### Task details
All of the data that follows should be retyped exactly, please, except the pictures.

### Recorded data

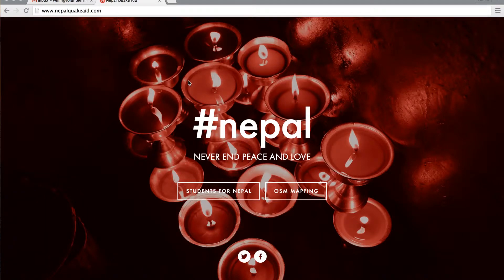Hi everybody, my name is Dave Hampton. I'm a student at the Harvard Graduate School of Design in the Master of Design Studies Risk and Resilience program. Today I'm going to be showing you how to help with the Nepal earthquake relief effort by using the OSM Task Manager.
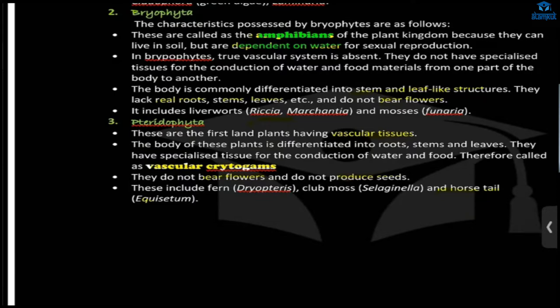Next is Pteridophyta. Here, vascular tissue will be present. Remember that — these are the first land plants where vascular tissue is present. Vascular tissue includes xylem and phloem, which are responsible for the conduction of water and food respectively.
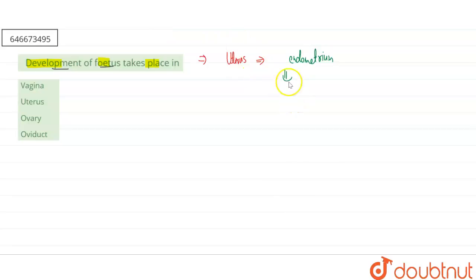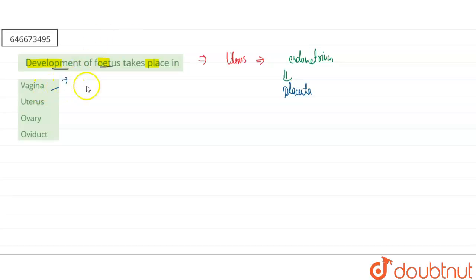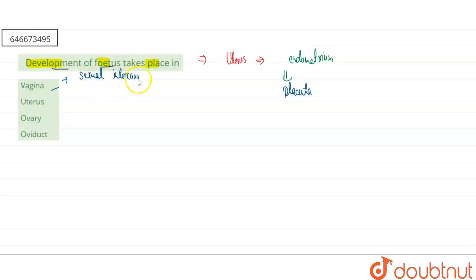Here the connection between the fetus and the mother will be the placenta. If we're talking about the vagina part, so basically this is the major part during sexual intercourse. And if we're talking about our third option, that is the ovary...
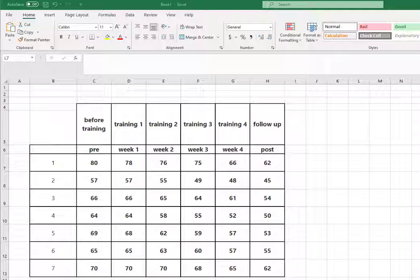I'm going to show you how to run a one-way repeated measures or within group ANOVA using Excel. It's kind of awkward in Excel so I suggest you use SPSS. It's a lot easier but let's do this.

### Solution for this problem
Hi everybody, my name is Dave Hampton. I'm a student at the Harvard Graduate School of Design in the Master of Design Studies Risk and Resilience program. Today I'm going to be showing you how to help with the Nepal earthquake relief effort by using the OSM Task Manager.
Next is Pteridophyta. Here, vascular tissue will be present. Remember that — these are the first land plants where vascular tissue is present. Vascular tissue includes xylem and phloem, which are responsible for the conduction of water and food respectively.
Here the connection between the fetus and the mother will be the placenta. If we're talking about the vagina part, so basically this is the major part during sexual intercourse. And if we're talking about our third option, that is the ovary...
I'm going to show you how to run a one-way repeated measures or within group ANOVA using Excel. It's kind of awkward in Excel so I suggest you use SPSS. It's a lot easier but let's do this.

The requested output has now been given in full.